## DATA PROVIDED
#####

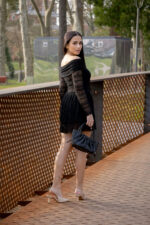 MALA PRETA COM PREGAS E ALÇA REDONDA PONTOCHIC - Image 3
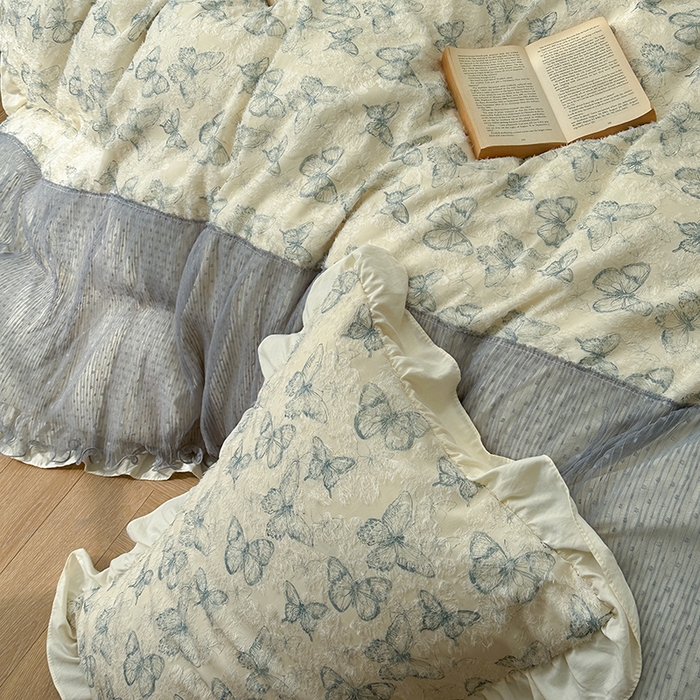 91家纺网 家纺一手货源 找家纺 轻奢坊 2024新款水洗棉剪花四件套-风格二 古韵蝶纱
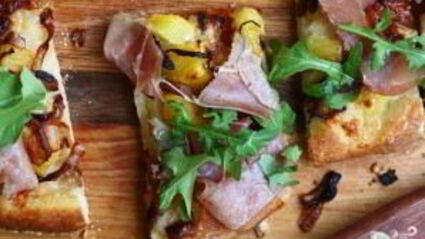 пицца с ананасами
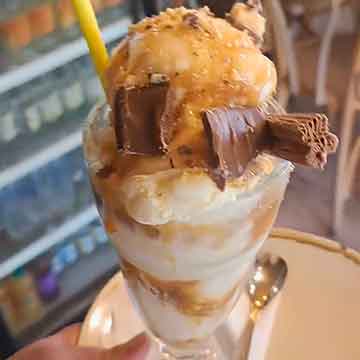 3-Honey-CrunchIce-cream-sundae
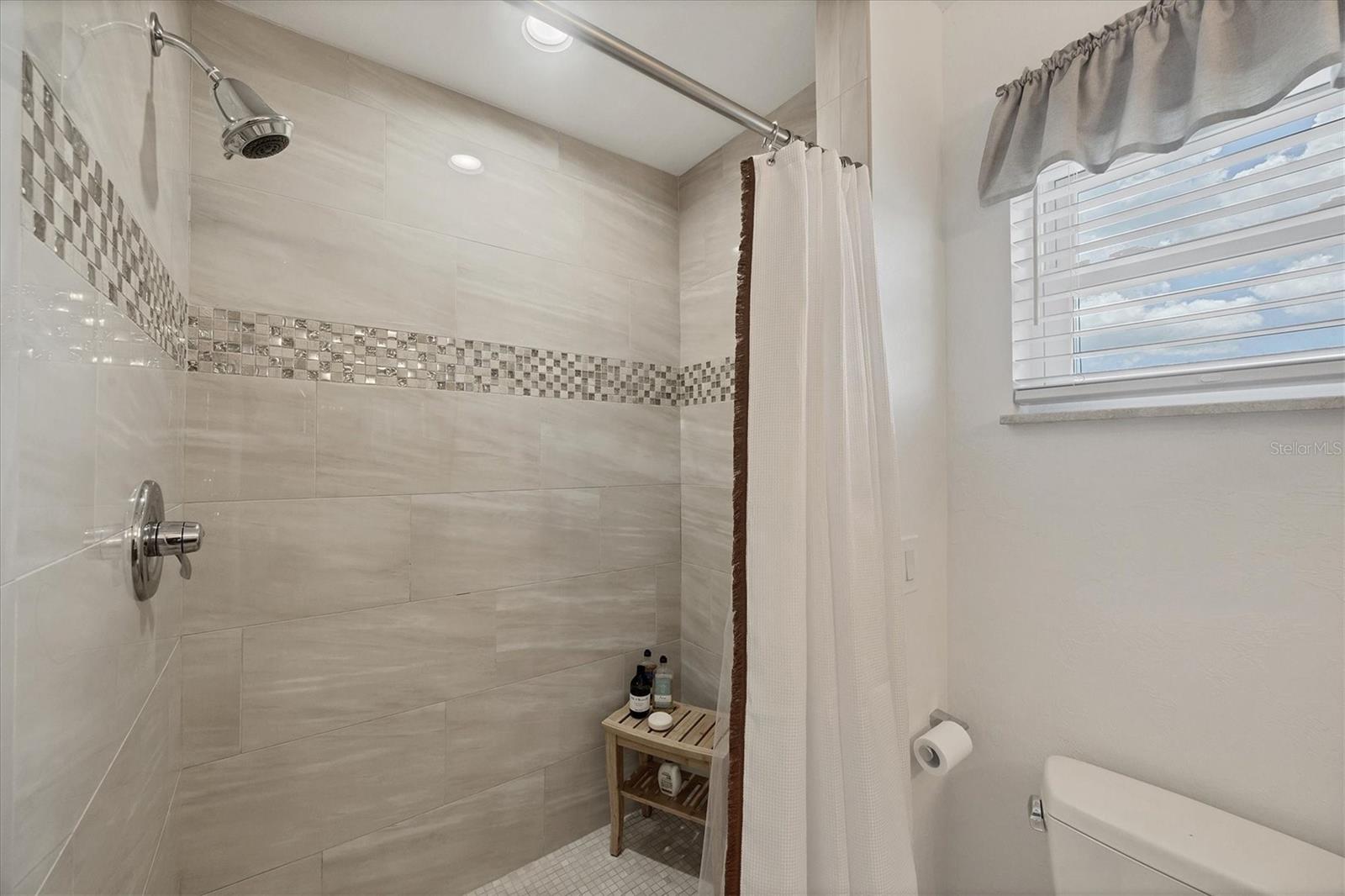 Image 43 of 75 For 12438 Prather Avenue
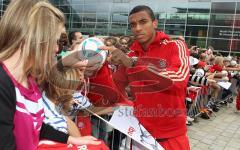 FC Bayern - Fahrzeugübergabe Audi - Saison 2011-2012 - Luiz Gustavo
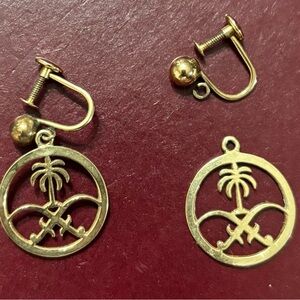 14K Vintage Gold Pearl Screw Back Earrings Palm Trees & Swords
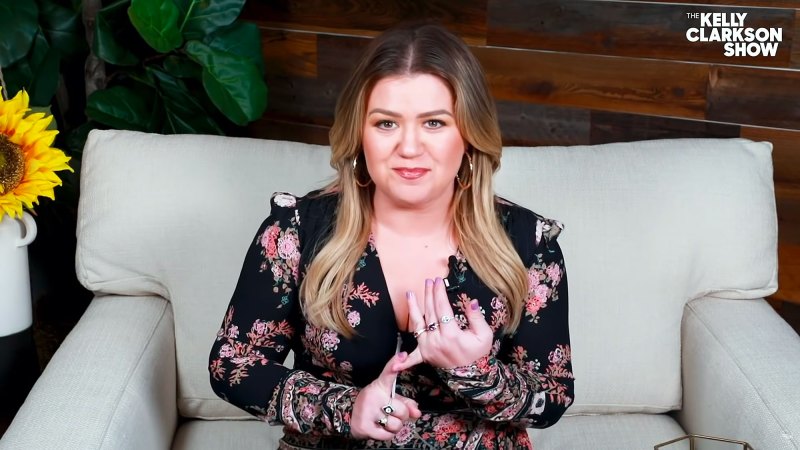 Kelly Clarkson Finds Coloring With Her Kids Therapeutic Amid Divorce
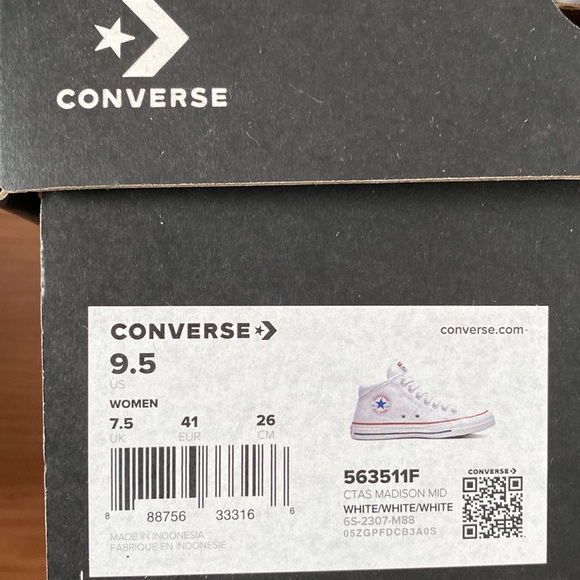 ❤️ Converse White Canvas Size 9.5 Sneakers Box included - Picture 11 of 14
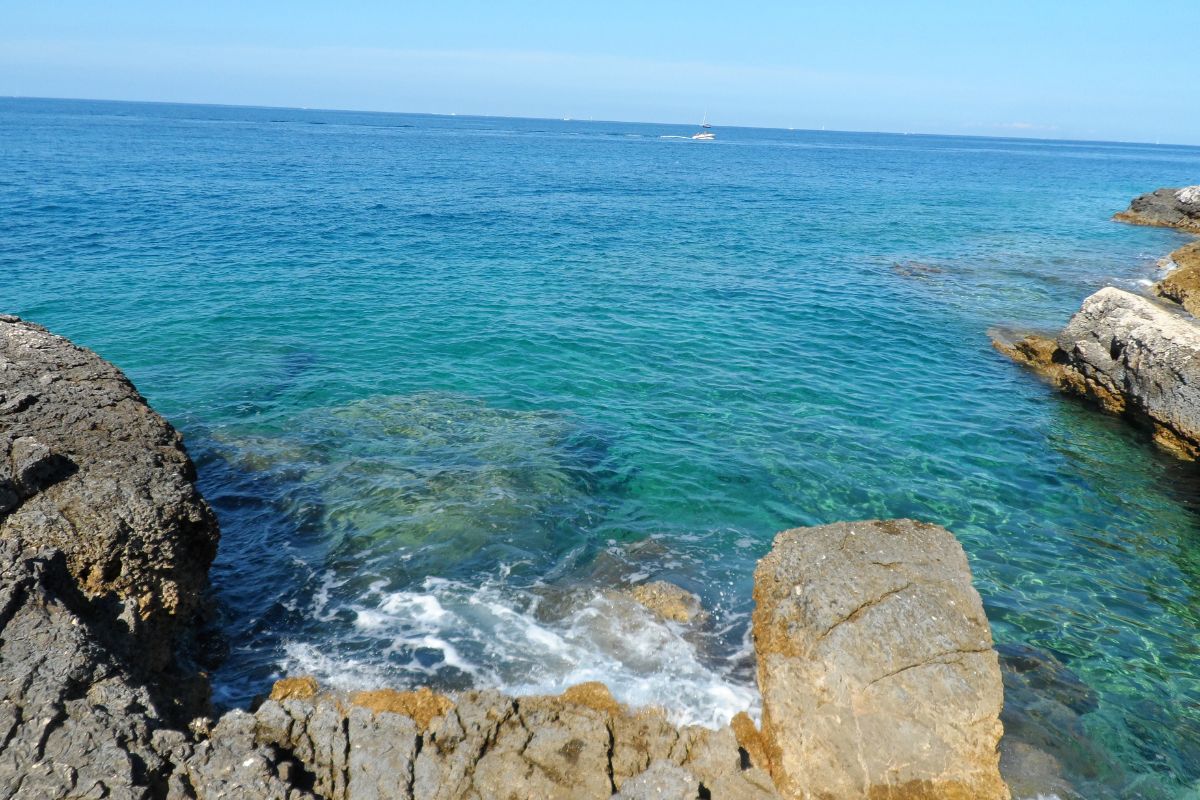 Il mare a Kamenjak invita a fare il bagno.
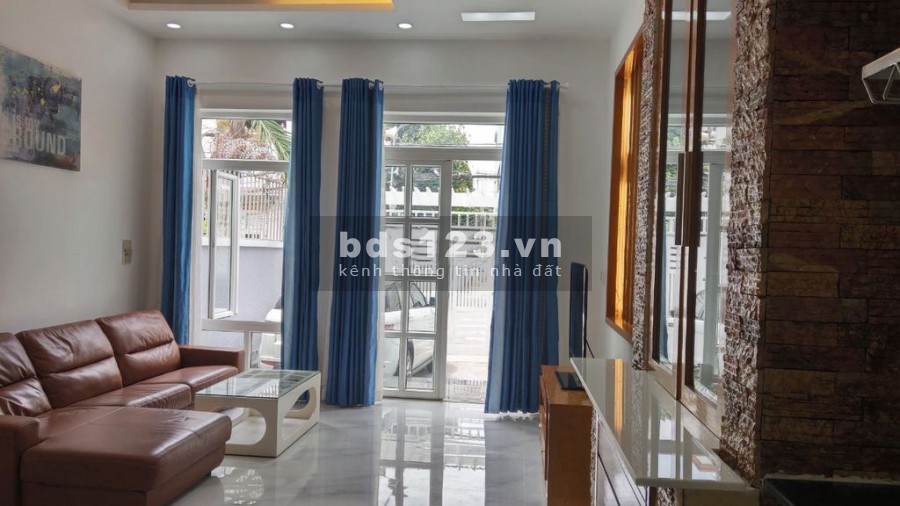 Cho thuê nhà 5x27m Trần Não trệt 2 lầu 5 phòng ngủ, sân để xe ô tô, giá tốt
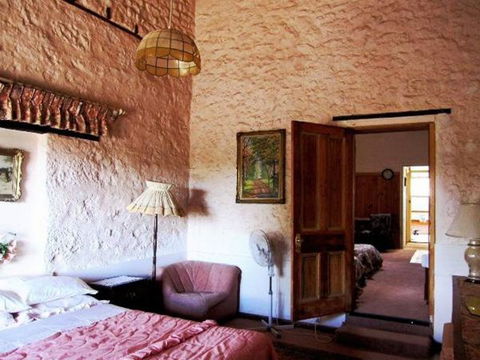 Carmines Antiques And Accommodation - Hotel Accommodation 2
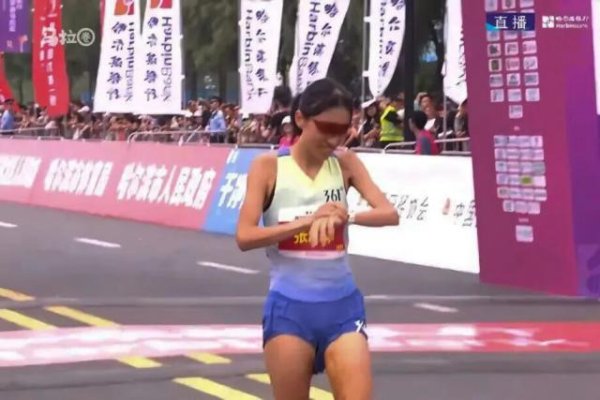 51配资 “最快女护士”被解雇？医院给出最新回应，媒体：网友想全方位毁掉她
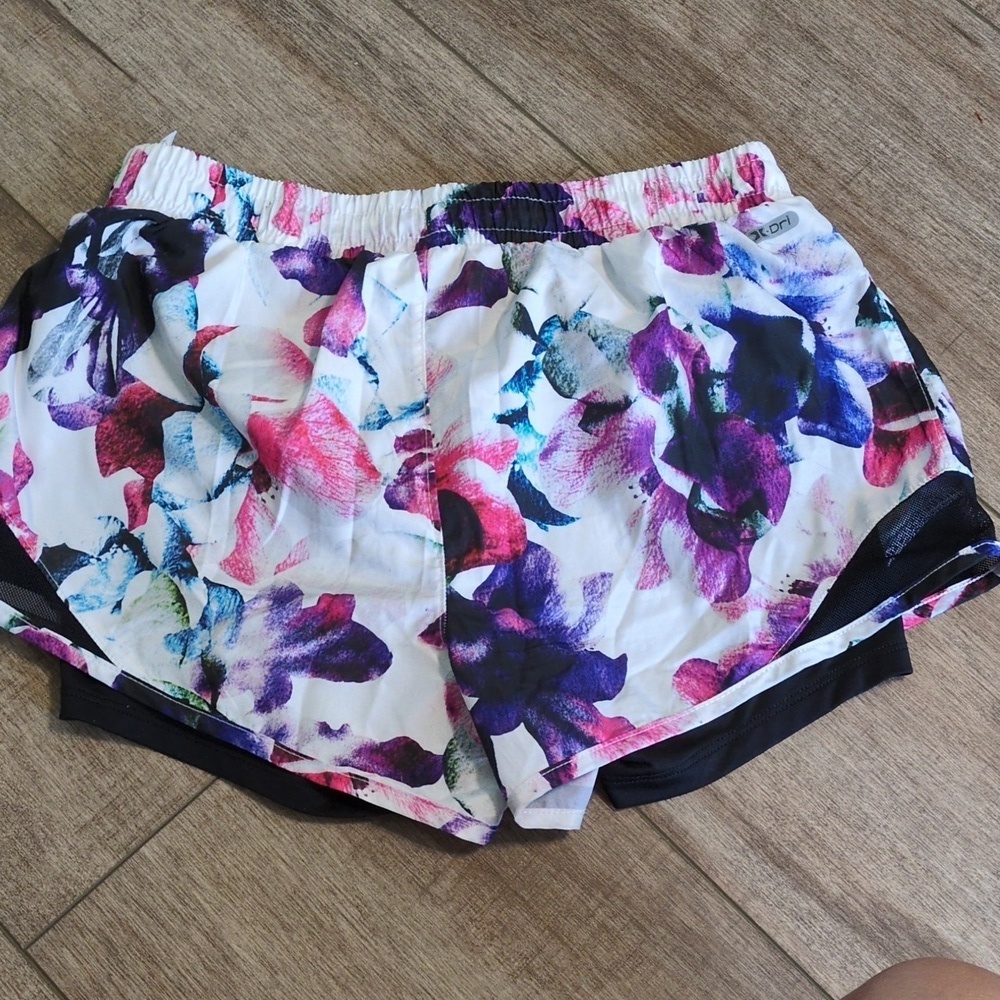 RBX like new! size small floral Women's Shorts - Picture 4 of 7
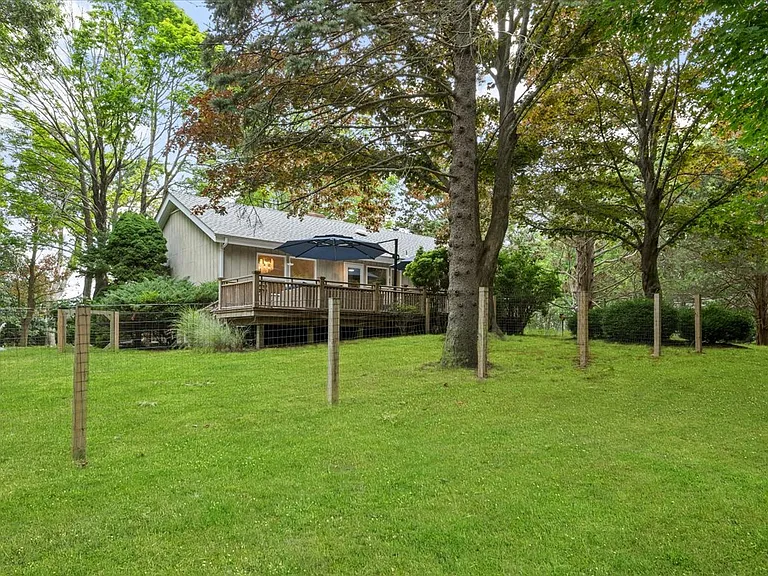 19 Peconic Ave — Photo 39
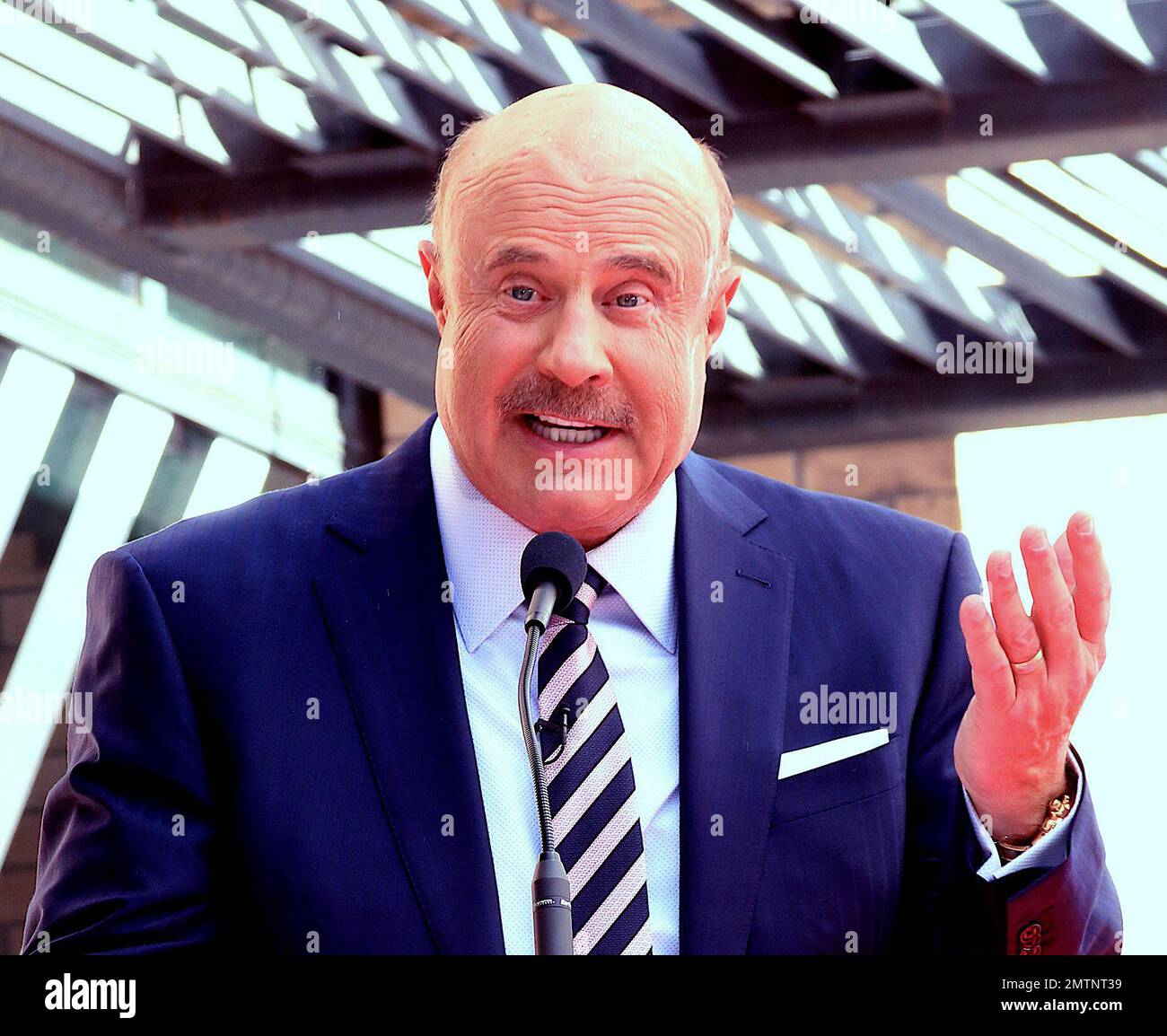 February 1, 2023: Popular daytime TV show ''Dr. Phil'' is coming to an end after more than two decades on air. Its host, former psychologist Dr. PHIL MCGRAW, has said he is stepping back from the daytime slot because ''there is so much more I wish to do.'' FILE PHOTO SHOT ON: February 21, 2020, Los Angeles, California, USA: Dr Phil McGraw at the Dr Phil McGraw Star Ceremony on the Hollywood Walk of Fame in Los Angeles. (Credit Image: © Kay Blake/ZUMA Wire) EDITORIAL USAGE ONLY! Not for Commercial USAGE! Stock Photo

#####

## INSTRUCTIONS TO FOLLOW
A word-for-word repetition of the data above, without pictures, is the expected answer.

## WRITTEN REPLY
 MALA PRETA COM PREGAS E ALÇA REDONDA PONTOCHIC - Image 3
 91家纺网 家纺一手货源 找家纺 轻奢坊 2024新款水洗棉剪花四件套-风格二 古韵蝶纱
 пицца с ананасами
 3-Honey-CrunchIce-cream-sundae
 Image 43 of 75 For 12438 Prather Avenue
 FC Bayern - Fahrzeugübergabe Audi - Saison 2011-2012 - Luiz Gustavo
 14K Vintage Gold Pearl Screw Back Earrings Palm Trees & Swords
 Kelly Clarkson Finds Coloring With Her Kids Therapeutic Amid Divorce
 ❤️ Converse White Canvas Size 9.5 Sneakers Box included - Picture 11 of 14
 Il mare a Kamenjak invita a fare il bagno.
 Cho thuê nhà 5x27m Trần Não trệt 2 lầu 5 phòng ngủ, sân để xe ô tô, giá tốt
 Carmines Antiques And Accommodation - Hotel Accommodation 2
 51配资 “最快女护士”被解雇？医院给出最新回应，媒体：网友想全方位毁掉她
 RBX like new! size small floral Women's Shorts - Picture 4 of 7
 19 Peconic Ave — Photo 39
 February 1, 2023: Popular daytime TV show ''Dr. Phil'' is coming to an end after more than two decades on air. Its host, former psychologist Dr. PHIL MCGRAW, has said he is stepping back from the daytime slot because ''there is so much more I wish to do.'' FILE PHOTO SHOT ON: February 21, 2020, Los Angeles, California, USA: Dr Phil McGraw at the Dr Phil McGraw Star Ceremony on the Hollywood Walk of Fame in Los Angeles. (Credit Image: © Kay Blake/ZUMA Wire) EDITORIAL USAGE ONLY! Not for Commercial USAGE! Stock Photo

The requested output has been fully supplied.